Before the plaintiff stepped onto and fell through the patio roof he did not hear or see anything that led him to think that there was a possibility that the plaintiff might step on the patio roof.
In cross-examination he was referred to his signed statement which he made with an assessor on 1 July 2015 (statement) about 10 or 11 months after the incident. He agreed he said in that statement Clifton had noticed leaves in the gutter but now did not recall any conversation about Clifton removing the leaves. He said, from the statement he went and got a bucket apparently but could not now remember doing that. He agreed that after this time and the trauma of the incident he has had a problem remembering some of the details.

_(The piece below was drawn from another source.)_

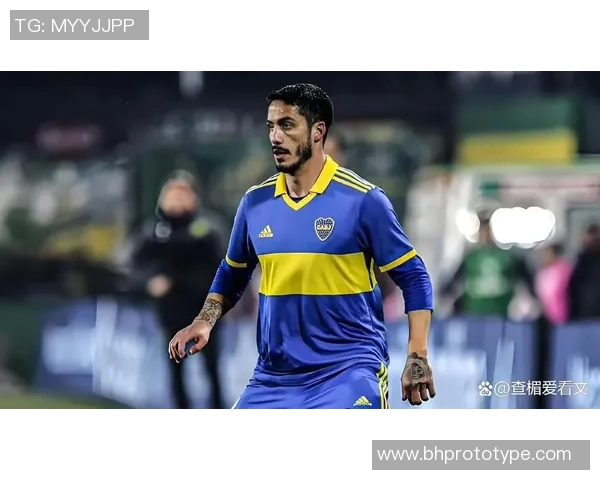 世界杯激战本菲卡与曼城平局红牌事件引发全场热议与转会传闻 世界杯激战本菲卡与曼城平局红牌事件引发全场热议与转会传闻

In his statement he agreed that he said 'I told Cliff not to step onto the patio roof - as it was plastic, when he was cleaning out the gutters'. He said that was obviously what he said to the assessor but he did not now recall it. I note in the defence and amended defence it was pleaded that he said that to Clifton. That was resiled from in the further amended defence and it is the position of both parties that no such warning was made. It was put to the first defendant in cross‑examination that he told the assessor he had given a warning about stepping on the roof because he was concerned about his insurance cover if he had not. He denied that and said he would not have lied in his statement. The inconsistency goes to the credit of the first defendant. I note however that the statement was made more than 10 months after the incident and the first defendant admitted that he had a problem remembering some details given the trauma of the incident.
He agreed that the patio roof was some sort of plastic sheeting polycarbonate material, he knew that to be the case then and knew that you did not stand on that type of roof. When it was put to him that he saw Clifford on the tiled roof but did not issue any warning he responded 'why would I?'.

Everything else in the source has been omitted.